Después del aluvión de los primeros días (todo el mundo me preguntaba: ¿viste Conducta?), ahora cuando los ánimos vuelven a apaciguarse, vi por fin la película de Daranas. La vi junto a mi madre y Lester. A mí me gustó. A Lester le encantó. A mi madre la sacudió. He leído mucho sobre la película en los últimos días (antes de verla, me negué rotundamente a leer nada) y la verdad es que no tengo ganas de escribir una crítica. Tampoco creo que se me dé muy bien la crítica de cine. Solo diré algo: la Cuba de Conducta no es necesariamente la Cuba de todos los cubanos, la Cuba real y concreta, porque la verdad es que nadie sabe a ciencia cierta si existe esa Cuba única de todos los cubanos, si se puede “reflejar” con absoluta fidelidad esa Cuba “real y concreta”. La cosa es: no vamos ahora a fajarnos por si Daranas dio en el clavo, se quedó por debajo o exageró. Esa es la visión de Daranas, muy personal (con la que se han identificado muchísimos cubanos)… y es una película de ficción, no un documental, y aunque fuera un documental seguirá siendo la visión de Daranas. No hay que pedirles a las obras de arte un por lo demás imposible “calco” de eso que llamamos realidad. Y punto final, no me sumaré a ningún debate. La película, les decía, me gustó; pero más me gustó que le gustara a mi madre, porque a ella la historia la tocaba de cerca. Ella fue maestra de primaria durante muchos años, envejeció en un aula. Y por supuesto, tuvo muchos alumnos complicados, tuvo que lidiar con situaciones difíciles. Como la maestra de Conducta, ni más ni menos. Cuando se acabó la película, mi madre suspiró y dijo: “Yo pasé por cosas parecidas tantas veces, que a veces no tenía ganas de ir a la escuela. Pero después pensaba en algunos de los niños y me decía: tengo que ir, tengo que hacer algo por ellos. Con algunos lo logré, con otros no pude hacer mucho. Pero me queda la tranquilidad de que nunca me di por vencida”.

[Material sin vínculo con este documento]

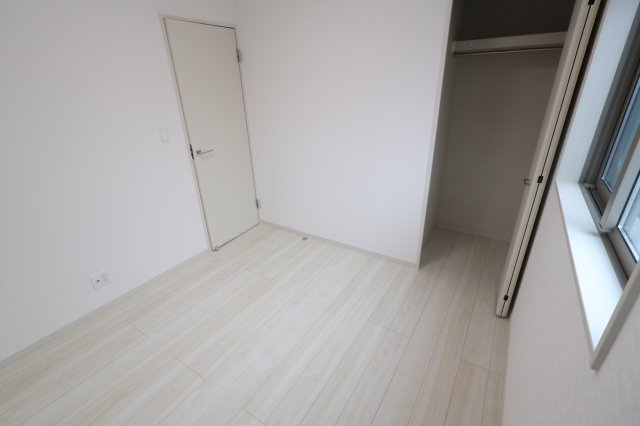 《仲介手数料無料》浦和区大東２丁目11-44新築一戸建ていろどりアイタウンの洋室|撮影日 2025年10月16日 13:30 曇り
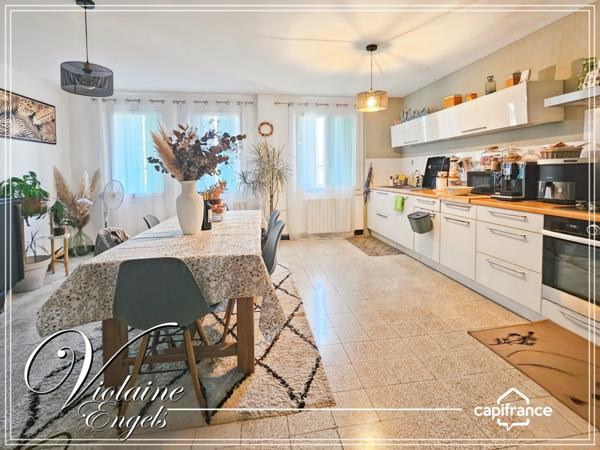 Maison rénovée avec jardin, terrasse et garage dans village proche du Canal du Midi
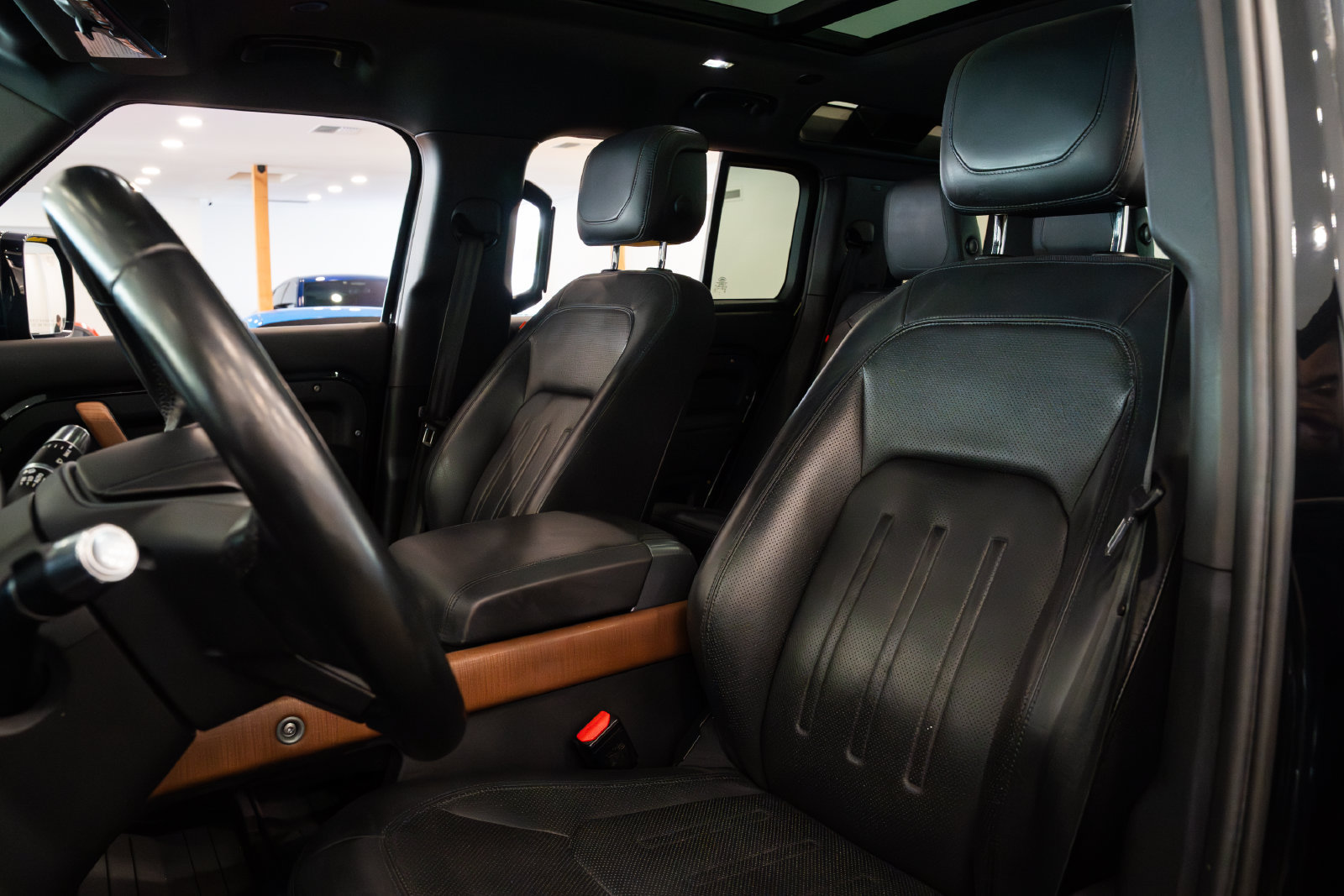 Used 2021 Land Rover Defender 110 X AWD/4WD image 18
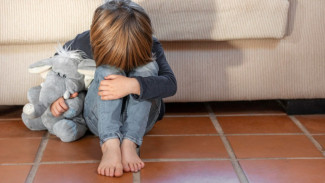 Traumatik Masa Kecil Jangan Diturunkan, Ini 5 Kunci Sakti Putus Rantai Pola Asuh Negatif!
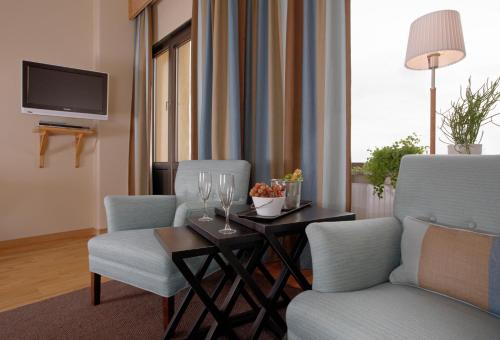 Home Hotel Wellington Image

Mi madre le dio clases a muchos niños con hogares disfuncionales, hasta el punto de que de cuando en cuando llevaba a algún que otro alumno a dormir a mi casa. “No lo vinieron a buscar a la escuela, sabrá dios dónde estará la madre” —le comentaba bajito a mi papá, tratando de que el niño no la oyera. A mi hermano le gustaba que viniera un niño a dormir a la casa, porque esas noches él se acostaba con mi mamá y mi papá: el niño dormía en su camita. Yo me recuerdo haciendo cuentos con el invitado, después de que apagaban las luces, hasta que mi mamá se levantaba y nos regañaba: “¡cuando yo digo a dormir es a dormir!” A mí me asombraba lo cariñosa que era mi mamá con esos niños fuera del aula, sobre todo porque ella tenía reputación de maestra severa, “como las de antes”, al decir de algunas madres. Se los sentaba en las piernas y les acariciaba la cabeza. Los niños la querían mucho, aunque algunas horas antes hubieran recibido de ella algunas nalgadas. El caso es que yo siempre temía que algunos de los alumnos a los que ella castigaba en el aula se quisieran vengar con nosotros en la calle. Nunca sucedió. Pero un día tuve miedo. Mi padre contó que un afamado delincuente local había cumplido su condena y que estaba en la calle. Era el terror de Violeta, los niños de la escuela hacían cuentos espeluznantes de sus hazañas. Mi mamá había sido su maestra cuando yo no había nacido. “¿Te acuerdas la cantidad de nalgadas que le dabas?” —bromeó mi papá. Pero a mí no me hizo gracia. Un día regresaba de casa de mi tía y en medio de la calle apareció el individuo. Me puse a temblar. El niño que venía conmigo también se puso nervioso. El hombre se dio cuenta y nos llamó. Quise huir, pero terminé acercándome. El niño soltó sin pensar: “Mira, Fulano, este es el hijo de Claribel”. Quise que se abriera la tierra. Pero el hombre sonrió y me dio la mano: “Dale un beso a la maestra y dile que la recuerdo siempre”.